Sur fond de surreprésentation des seniors et de jeunes qui se sentent "dépossédés" de l'élection, certains vont jusqu'à proposer la limitation ou la pondération du vote en fonction de l’âge. Une piste aussi radicale qu'iconoclaste, et qui n'est pas près d'être appliquée. 

Article rédigé par Clémentine Vergnaud
Radio France
Publié Mis à jour
Temps de lecture : 18min
Illustration sur la fracture générationnelle concernant le vote. (STEPHANIE BERLU / RADIO FRANCE)

C’est une petite musique qui courait déjà avant le premier tour de l’élection présidentielle, dimanche 10 avril, mais qui s’est renforcée à l’annonce des résultats. "Les jeunes qui ont voté en masse Mélenchon pour leur avenir se font voler leur élection par des vieux retraités qui ont vécu leur meilleure vie et n’ont plus rien à perdre et des vieux bourgeois qui ont tous les privilèges de Macron", s’exaspérait par exemple un jeune sur Twitter au soir du premier tour. Un autre s’agace aussi, graphiques à l’appui : "Ce sont donc des vieux déjà à la retraite qui vont nous imposer de travailler cinq ans de plus. Merci à eux." A tel point que certains vont jusqu'à se poser cette question : "Pourquoi diable laissons-nous les plus de 65 ans voter ?" 

Alors faut-il aller jusqu'à limiter le vote des personnes âgées, comme certains le préconisent sur les réseaux sociaux et ailleurs ? La question sonne comme une provocation.

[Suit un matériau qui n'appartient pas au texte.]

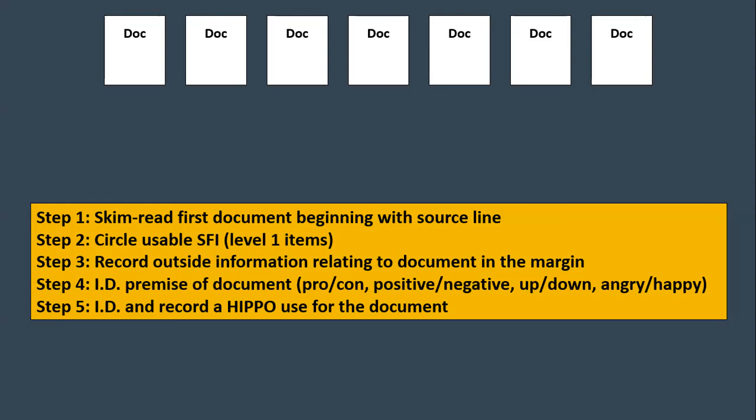Step three, record outside information relating to the document in the margin. So if you're reading something, something comes to mind, make a note of it in the side of the margin. Step four, identify the premise of the document. The pros, the cons, the positives and the negatives of it if you have the ability to do so. And then step five, identify and record a HIPPO use for the document.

Mais il serait simpliste de voir cette contestation de la jeunesse envers les aînés comme la lubie de quelques jeunes énervés qui veulent mettre les "boomers" au placard. Elle est une lame de fond plus profonde dans une partie de cette classe d’âge, angoissée et en partie mobilisée sur des thématiques qui ne sont parfois pas le centre d’intérêt des autres classes d’âge, et des seniors en particulier. "Ils ont voté sans penser à nous", déploraient des étudiants qui bloquaient la Sorbonne à Paris, jeudi 14 avril, dans le podcast de franceinfo Le Quart d'Heure. "On a deux candidats qui méprisent l’urgence sociale, climatique et écologique. Je trouve ça terrible", exprimait pour sa part, lundi 11 avril Denis, 26 ans, au micro de Manon Mella dans "Génération 2022". Il disait ressentir "une fracture entre les plus jeunes et les plus vieux""Pour les plus âgés, développe le politologue Martial Foucault dans La Croix, les enjeux sont d’abord le pouvoir d’achat, l’insécurité ou encore la délinquance, avant d’être la lutte contre le réchauffement climatique, qui est davantage une priorité pour les jeunes".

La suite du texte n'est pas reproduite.